Mark Rothko (American, born Russia, 1903-1970), No. 16 [?] {Green, White, Yellow on Yellow}, 1951, Oil on canvas, 67 5/8 × 4 5/8 in, Artworks on canvas by Mark Rothko Copyright © 1998 by Kate Rothko Prizel and Christopher Rothko/Artists Rights Society (ARS), New York.

Overview

This exhibition features a concise, chronological display of works by the renowned American artist Mark Rothko. The Museum’s new entrance pavilion is named in honor of the artist, who, along with his family, emigrated from Russia (present-day Latvia) in 1913 and grew up in Portland. Rothko graduated from Portland’s Lincoln High School and took his first art classes at the Museum’s school. He left Portland to attend Yale University, eventually leaving college in 1923 to settle in New York City and pursue art full time. Today, Rothko is celebrated for his important contribution to the evolution of abstract art in the mid-twentieth century.

In this presentation, visitors will take an in-depth look at eight artworks from different periods in Rothko’s career. Early representational work demonstrates his interest in representing the figure as a means to communicate universal human experiences. Paintings from the 1940s reveal his transition to abstraction, starting with Surrealism, before leaving the referential behind for good. Rothko’s embrace of color as an evocative material reaches its peak in two large scale, classic works from the 1950s.
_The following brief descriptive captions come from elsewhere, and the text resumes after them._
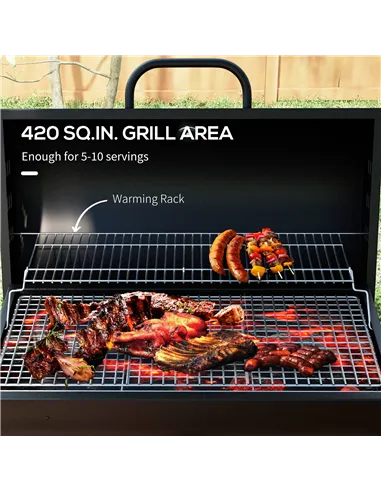 Outsunny Steel Charcoal BBQ, with Ash Catcher and Warming Rack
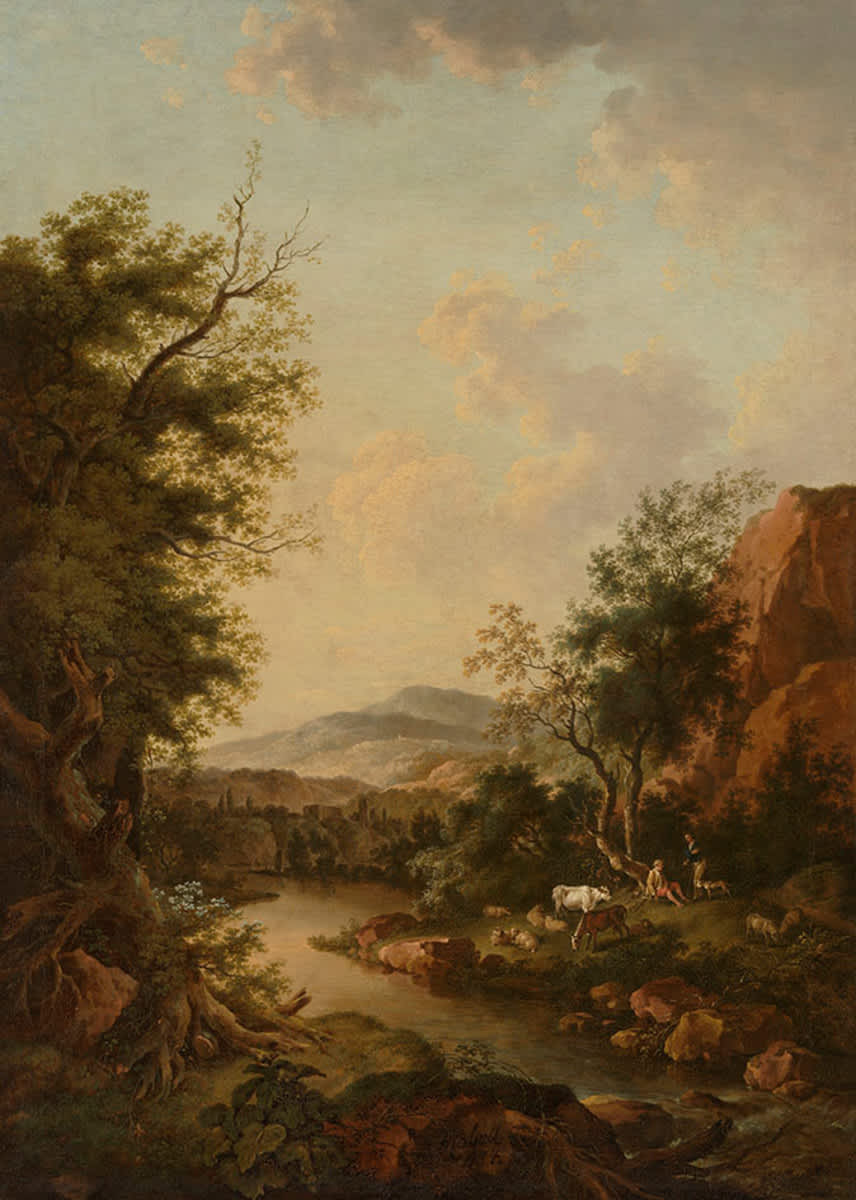 Flusslandschaft mit Hirten und ihrer Herde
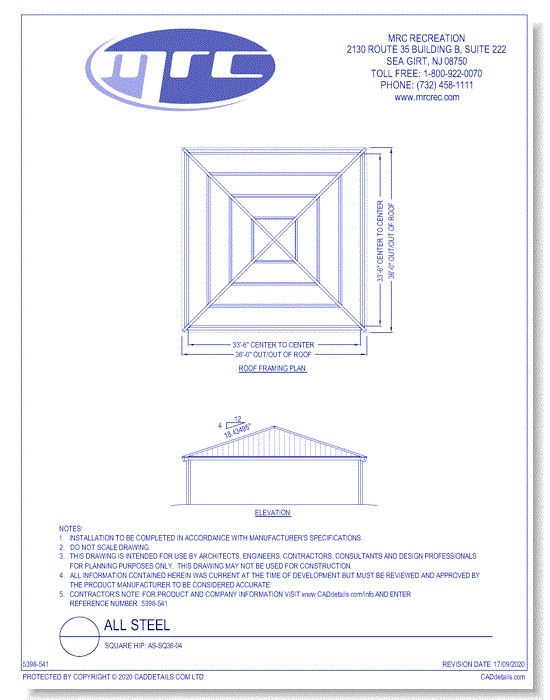 RCP Shelters: All Steel-Square Hip (AS-SQ36-04)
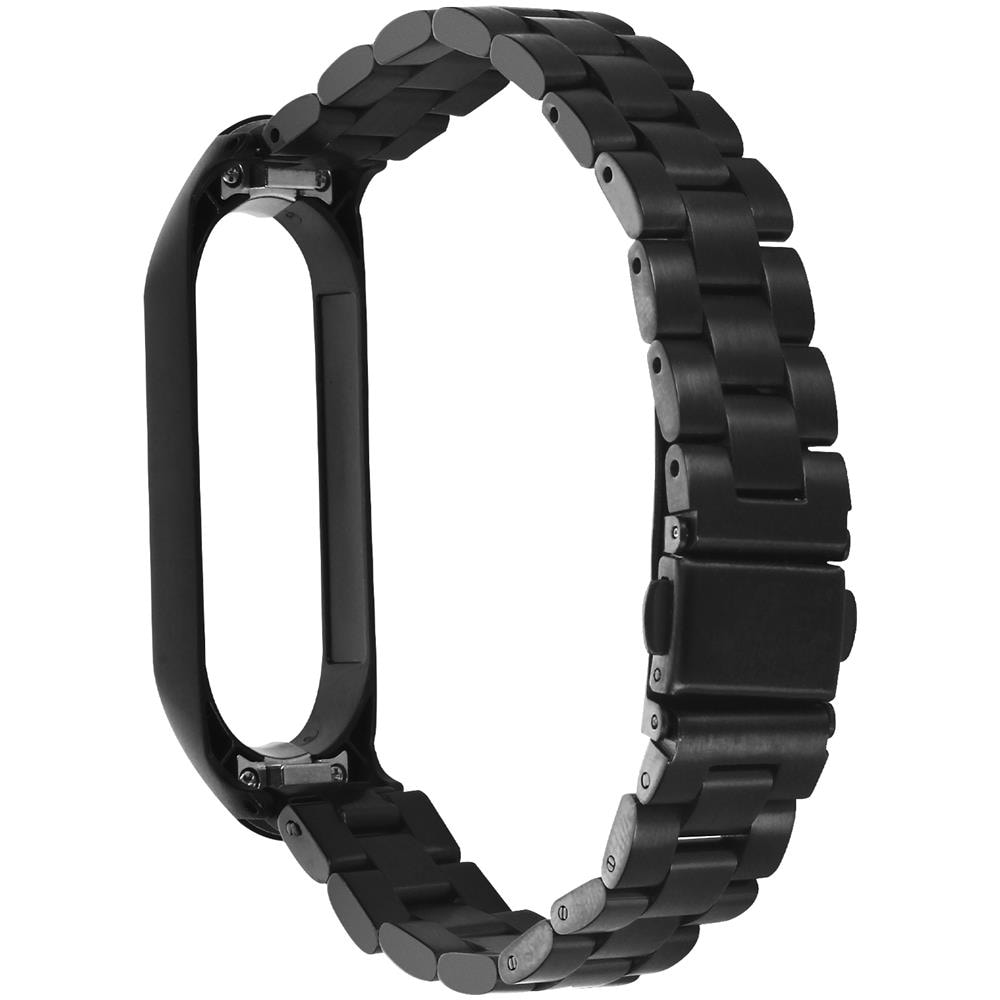 Cinturino Per Xiaomi Mi Band 6 Et5 Maglie In Acciaio Chiusura A Farfalla Nero - Foto 1
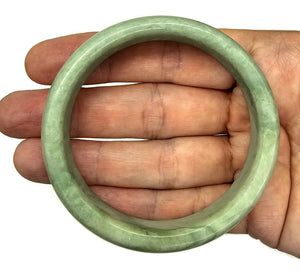 Solid Jade Bangle, 58mm Diameter, Green Nephrite Jade, Protection Gem, Lucky Gemstone,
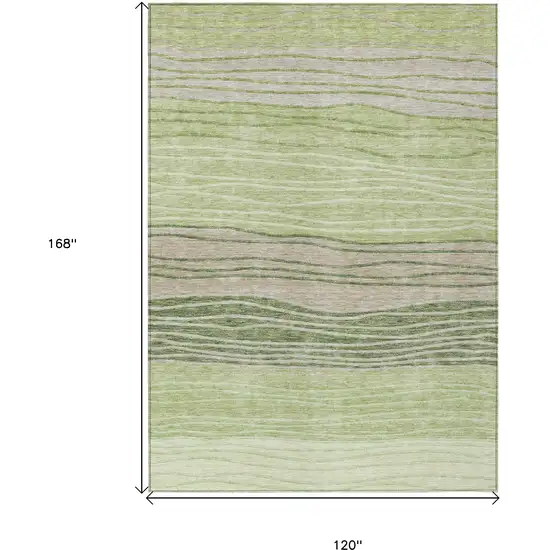 Artichoke Green And Taupe Striped Washable Indoor Outdoor Area Rug Photo 3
At this time, he arrives at his signature style: layered blocks of color that complicate visual perception while heightening emotion and psychological responses.

Abstract painting with dark shades of brown and a strip of bright red at the top.
Mark Rothko (American, born Russia, 1903-1970), No.5 (Red, Black and Brown-Black) {Red, Black, Brown on Maroon}, 1963, Oil on canvas, 90 x 69 in, Artworks on canvas by Mark Rothko Copyright © 1998 by Kate Rothko Prizel and Christopher Rothko/Artists Rights Society (ARS), New York.

For the next several years, the Museum will showcase art from the collection of Christopher Rothko and Kate Rothko Prizel, Mark Rothko’s children, to honor the artist’s connection to Portland and his critical legacy in the history of American art.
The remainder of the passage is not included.